Excerpted data
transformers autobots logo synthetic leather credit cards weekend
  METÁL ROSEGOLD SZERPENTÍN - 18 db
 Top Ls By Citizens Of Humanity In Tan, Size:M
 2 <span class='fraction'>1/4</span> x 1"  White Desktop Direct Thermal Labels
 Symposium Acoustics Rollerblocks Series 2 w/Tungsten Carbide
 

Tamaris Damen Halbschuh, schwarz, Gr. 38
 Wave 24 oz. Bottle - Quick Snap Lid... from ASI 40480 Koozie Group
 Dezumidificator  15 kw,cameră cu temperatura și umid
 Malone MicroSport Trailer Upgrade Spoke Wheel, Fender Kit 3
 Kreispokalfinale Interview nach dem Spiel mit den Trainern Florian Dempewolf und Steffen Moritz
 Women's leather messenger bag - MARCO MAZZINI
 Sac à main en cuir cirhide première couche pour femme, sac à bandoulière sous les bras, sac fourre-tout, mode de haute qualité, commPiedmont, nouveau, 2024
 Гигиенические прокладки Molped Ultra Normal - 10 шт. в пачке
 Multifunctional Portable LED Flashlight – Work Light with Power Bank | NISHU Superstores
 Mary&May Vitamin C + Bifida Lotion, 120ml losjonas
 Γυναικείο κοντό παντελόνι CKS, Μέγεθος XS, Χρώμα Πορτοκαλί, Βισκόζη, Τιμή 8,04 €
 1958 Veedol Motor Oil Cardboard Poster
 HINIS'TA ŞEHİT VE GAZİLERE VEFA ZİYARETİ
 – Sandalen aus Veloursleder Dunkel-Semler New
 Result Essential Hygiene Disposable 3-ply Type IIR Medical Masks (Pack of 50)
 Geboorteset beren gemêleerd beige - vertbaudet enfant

Goal of the exercise
For this task, write out exactly the lines of the entries above, starting at the line with "Tamaris Damen Halbschuh, schwarz, Gr. 38" and ending at the line with "Women's leather messenger", both included, and no others.

Exercise response
Tamaris Damen Halbschuh, schwarz, Gr. 38
 Wave 24 oz. Bottle - Quick Snap Lid... from ASI 40480 Koozie Group
 Dezumidificator  15 kw,cameră cu temperatura și umid
 Malone MicroSport Trailer Upgrade Spoke Wheel, Fender Kit 3
 Kreispokalfinale Interview nach dem Spiel mit den Trainern Florian Dempewolf und Steffen Moritz
 Women's leather messenger bag - MARCO MAZZINI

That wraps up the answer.